[Source data]
══════════════════════════════
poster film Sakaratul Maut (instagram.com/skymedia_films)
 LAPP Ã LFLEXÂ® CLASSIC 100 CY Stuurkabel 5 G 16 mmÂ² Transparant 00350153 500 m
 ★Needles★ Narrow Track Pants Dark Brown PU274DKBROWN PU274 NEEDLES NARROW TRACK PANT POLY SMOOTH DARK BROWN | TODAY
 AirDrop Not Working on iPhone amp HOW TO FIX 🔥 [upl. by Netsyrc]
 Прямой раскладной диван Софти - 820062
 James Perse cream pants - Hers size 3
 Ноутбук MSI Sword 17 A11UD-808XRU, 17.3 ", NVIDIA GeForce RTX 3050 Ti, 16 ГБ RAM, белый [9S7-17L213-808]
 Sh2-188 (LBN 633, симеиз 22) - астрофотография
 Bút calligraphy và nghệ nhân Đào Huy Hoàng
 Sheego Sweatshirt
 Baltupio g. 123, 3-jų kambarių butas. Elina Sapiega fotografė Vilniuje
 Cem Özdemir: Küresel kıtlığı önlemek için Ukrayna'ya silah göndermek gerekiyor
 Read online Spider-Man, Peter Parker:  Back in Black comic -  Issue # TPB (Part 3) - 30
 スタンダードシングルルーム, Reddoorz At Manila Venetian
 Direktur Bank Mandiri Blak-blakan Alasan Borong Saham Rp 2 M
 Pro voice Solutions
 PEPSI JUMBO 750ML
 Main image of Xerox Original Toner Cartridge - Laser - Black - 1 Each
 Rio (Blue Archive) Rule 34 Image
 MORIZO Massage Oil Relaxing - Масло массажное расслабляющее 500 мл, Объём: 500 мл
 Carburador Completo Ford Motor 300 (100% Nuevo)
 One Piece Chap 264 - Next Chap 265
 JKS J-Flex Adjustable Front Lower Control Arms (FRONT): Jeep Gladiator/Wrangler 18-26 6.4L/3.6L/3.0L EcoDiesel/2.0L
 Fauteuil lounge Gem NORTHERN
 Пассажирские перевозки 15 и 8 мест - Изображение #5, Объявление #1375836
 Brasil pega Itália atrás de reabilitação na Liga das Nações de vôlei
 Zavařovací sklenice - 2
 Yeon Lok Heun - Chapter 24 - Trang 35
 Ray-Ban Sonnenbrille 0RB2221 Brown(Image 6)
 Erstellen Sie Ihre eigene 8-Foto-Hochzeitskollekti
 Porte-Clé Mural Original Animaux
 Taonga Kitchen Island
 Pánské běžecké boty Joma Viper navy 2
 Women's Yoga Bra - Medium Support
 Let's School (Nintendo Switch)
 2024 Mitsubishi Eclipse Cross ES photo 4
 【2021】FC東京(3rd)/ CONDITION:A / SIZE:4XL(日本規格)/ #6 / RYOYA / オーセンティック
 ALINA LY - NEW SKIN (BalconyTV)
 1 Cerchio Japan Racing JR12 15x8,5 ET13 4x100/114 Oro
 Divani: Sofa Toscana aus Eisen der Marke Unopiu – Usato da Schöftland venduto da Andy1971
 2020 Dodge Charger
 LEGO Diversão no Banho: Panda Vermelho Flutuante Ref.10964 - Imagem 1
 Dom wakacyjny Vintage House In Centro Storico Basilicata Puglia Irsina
══════════════════════════════
**WHAT YOU WILL DO:**
Print the lines above from the one with "Ноутбук MSI Sword" through the one with "PEPSI JUMBO 750ML", both included, exactly as written and nothing more.

**ANSWER TO THE PROBLEM:**
 Ноутбук MSI Sword 17 A11UD-808XRU, 17.3 ", NVIDIA GeForce RTX 3050 Ti, 16 ГБ RAM, белый [9S7-17L213-808]
 Sh2-188 (LBN 633, симеиз 22) - астрофотография
 Bút calligraphy và nghệ nhân Đào Huy Hoàng
 Sheego Sweatshirt
 Baltupio g. 123, 3-jų kambarių butas. Elina Sapiega fotografė Vilniuje
 Cem Özdemir: Küresel kıtlığı önlemek için Ukrayna'ya silah göndermek gerekiyor
 Read online Spider-Man, Peter Parker:  Back in Black comic -  Issue # TPB (Part 3) - 30
 スタンダードシングルルーム, Reddoorz At Manila Venetian
 Direktur Bank Mandiri Blak-blakan Alasan Borong Saham Rp 2 M
 Pro voice Solutions
 PEPSI JUMBO 750ML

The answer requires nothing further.